In 1963 the old hotel building was sold to a Crown Point firm and was torn down.
On the south side of Commercial Avenue near the Mill Street stoplight once stood another building with a hotel on the upper floors. Early in the 1900's Louis Berg, Sr., was the owner of the Crown Tavern there, and through the years it was the site of "The Fair," a variety store operated by George Kimmet.
L.W. "Billy" Brown had his "Bazaar" there, and a pool hall and bowling alley followed. Frick's Recreation was located there for many years. The building was demolished years ago.

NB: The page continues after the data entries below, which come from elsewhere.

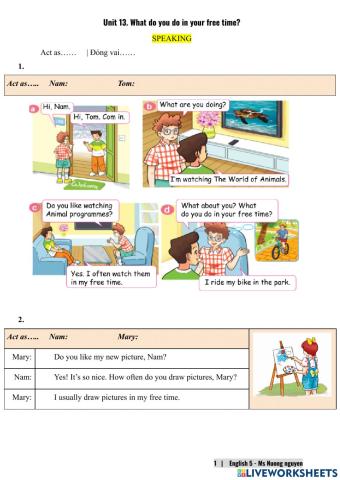 E5U13 (speaking) What do you do in your free time?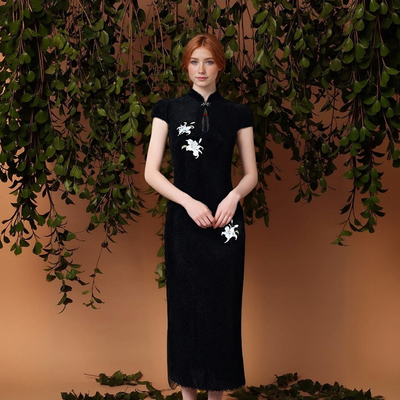 New chinese style silver velvet cheongsam dark style sexy slim cheongsam dress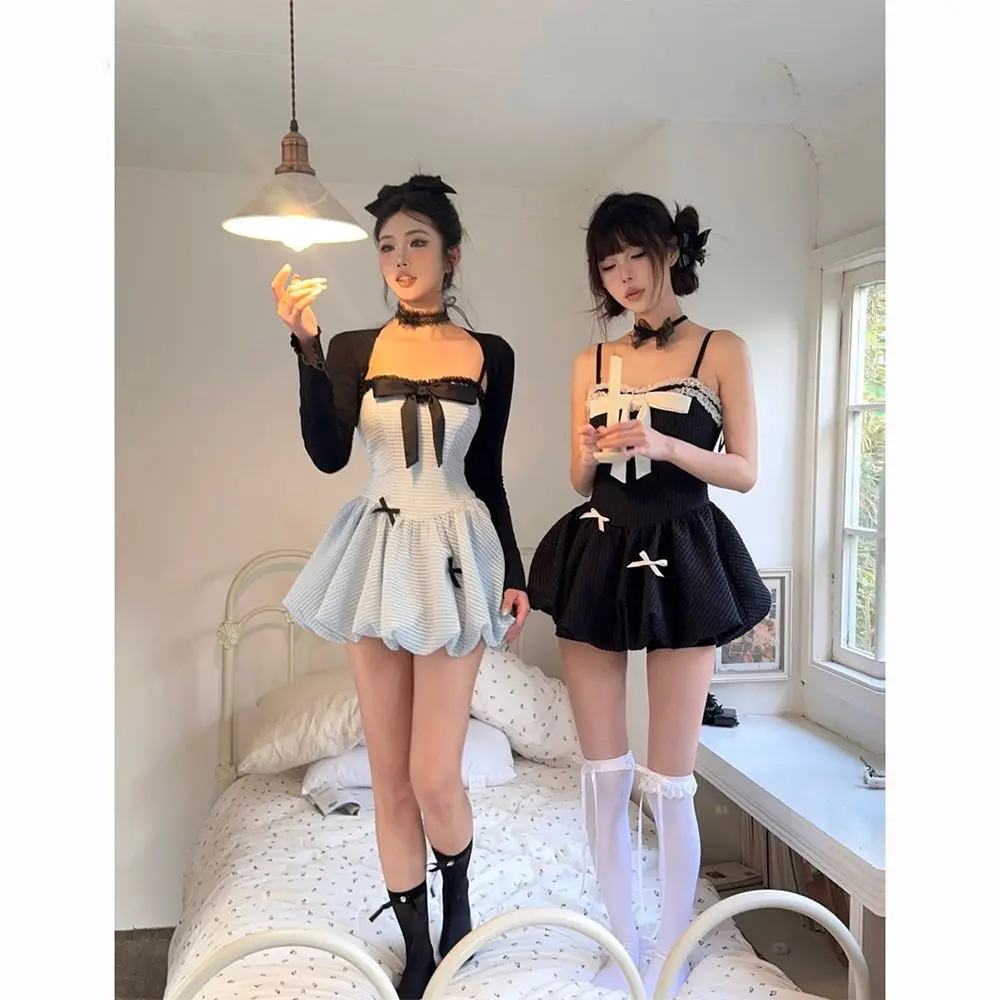 

Pure Desire Spice Lace Patchwork Suspender Pommel Skirt Female Spring Summer Temperament Black Waist Slimming A-line Dress Son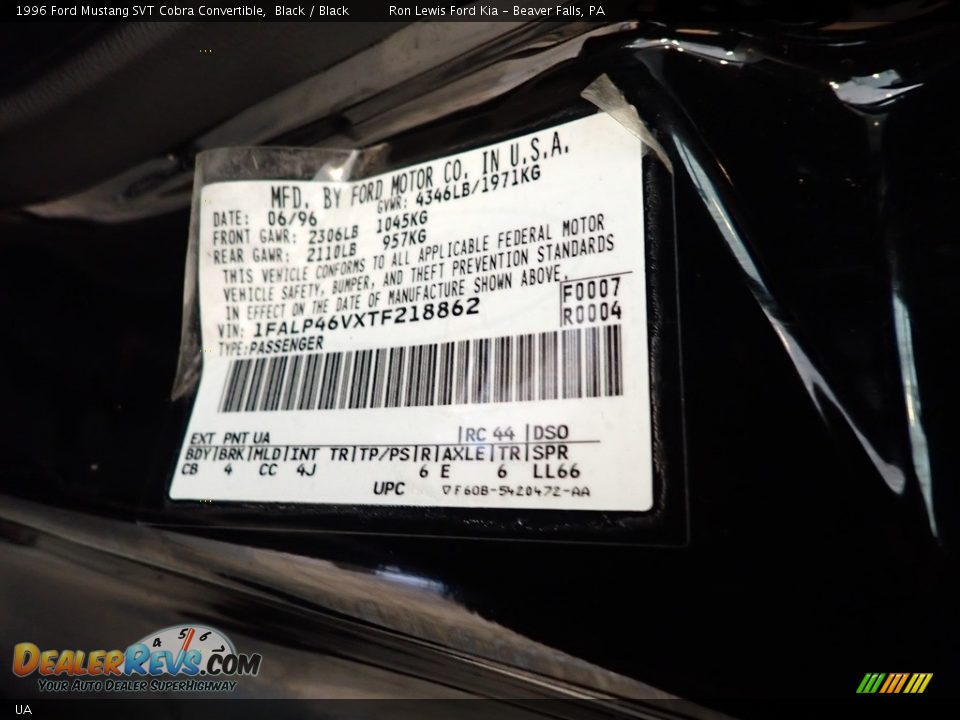 Ford Color Code UA Black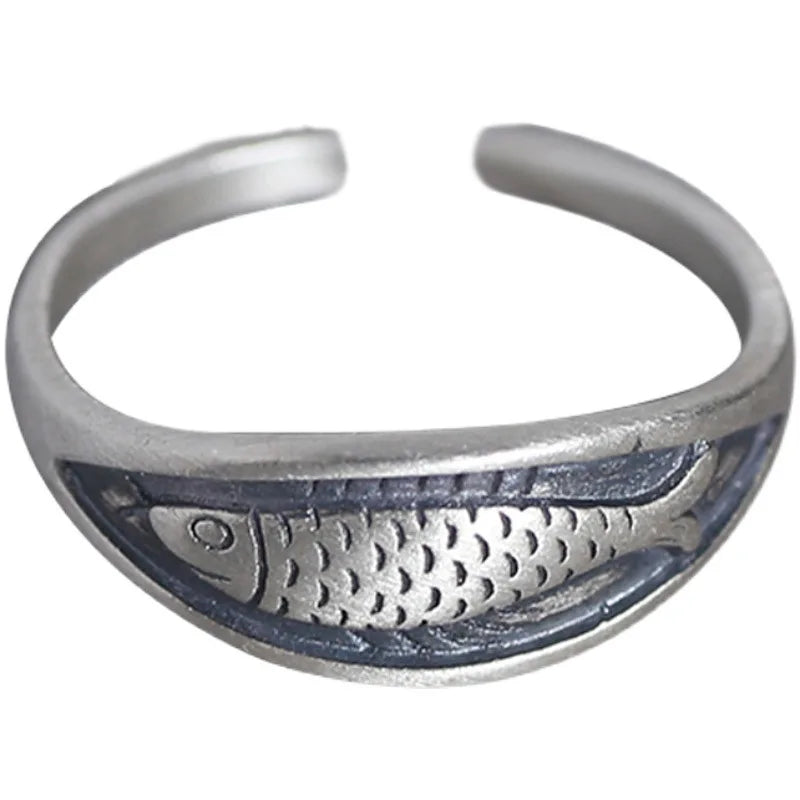 New in 925 Sterling Silver Fish Adjustable Rings For Women Engagement Ladies Rings Jewelry Gifts Female Jewellery Argent 925
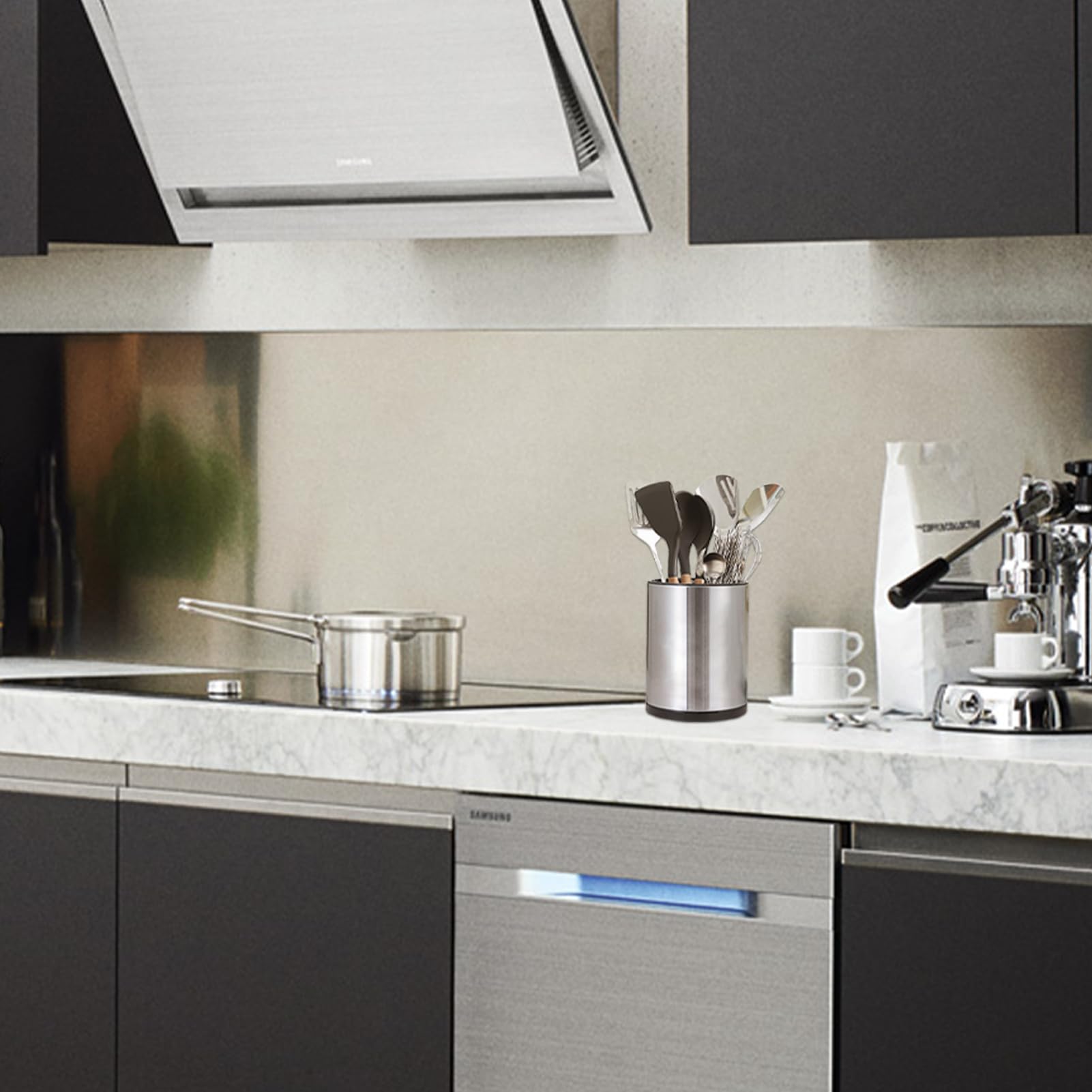 Syfunlv Contenitore per utensili, portautensili girevole a 360° in acciaio inox 8,2 x 6,7 pollici con fondo di scarico, divisorio rimovibile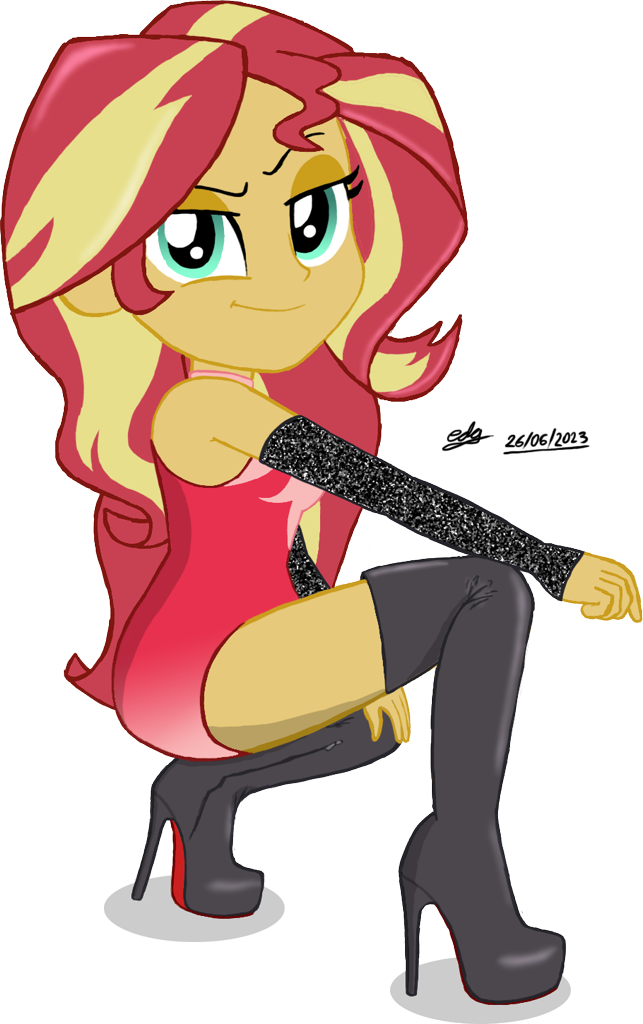 [bodysuit,boots,clothes,equestria girls,high heels,kneeling,leather,looking at you,photoshop,safe,sexy,shoes,simple background,solo,superhero,thigh boots,thigh highs,transparent background,sunset shimmer,high heel boots,sleeveless,stupid sexy sunset shimmer,leather boots,artist:gibsterboy5,equestria girls 10th anniversary]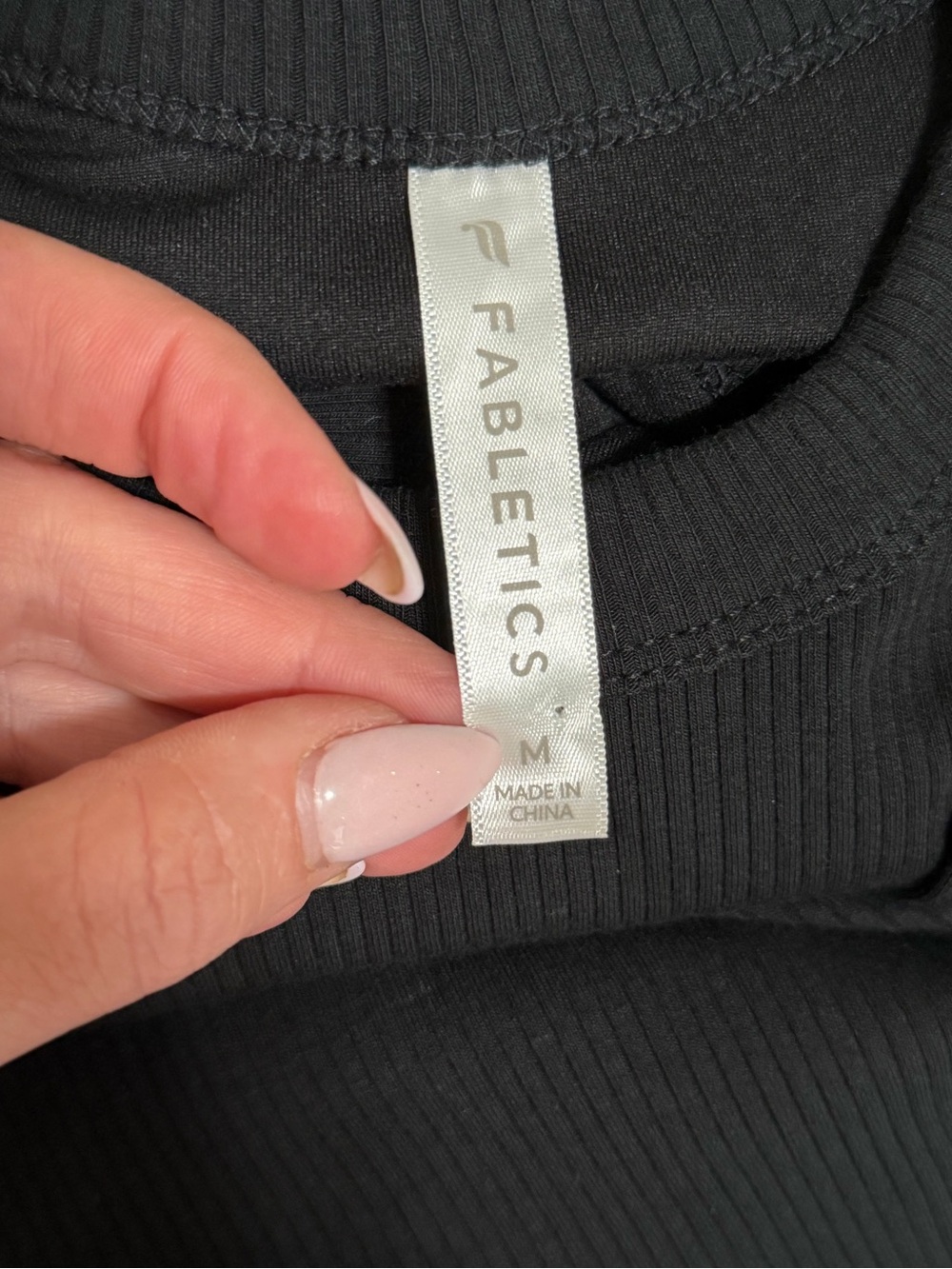 Fabletics Black Ribbed Racerback Tank Top with Built in Bra - Picture 2 of 6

The late Beatrice Horner Castrogiovanni, Cedar Lake town historian, wrote in 1987: "The brightest days of the grand old resort hotels at Cedar Lake were from 1890 to 1930, when at least forty hotels, in the course of time, circled our shores." During those years, hundreds of visitors would come on excursion trains for their weekend vacations. A few of those old buildings still survived, now used as dwelling or business.
The Lassen Hotel, once one of the famous vacation spots, is now the very interesting Lake of the Red Cedars Museum, operated under fine leadership of the Cedar Lake Historical Association.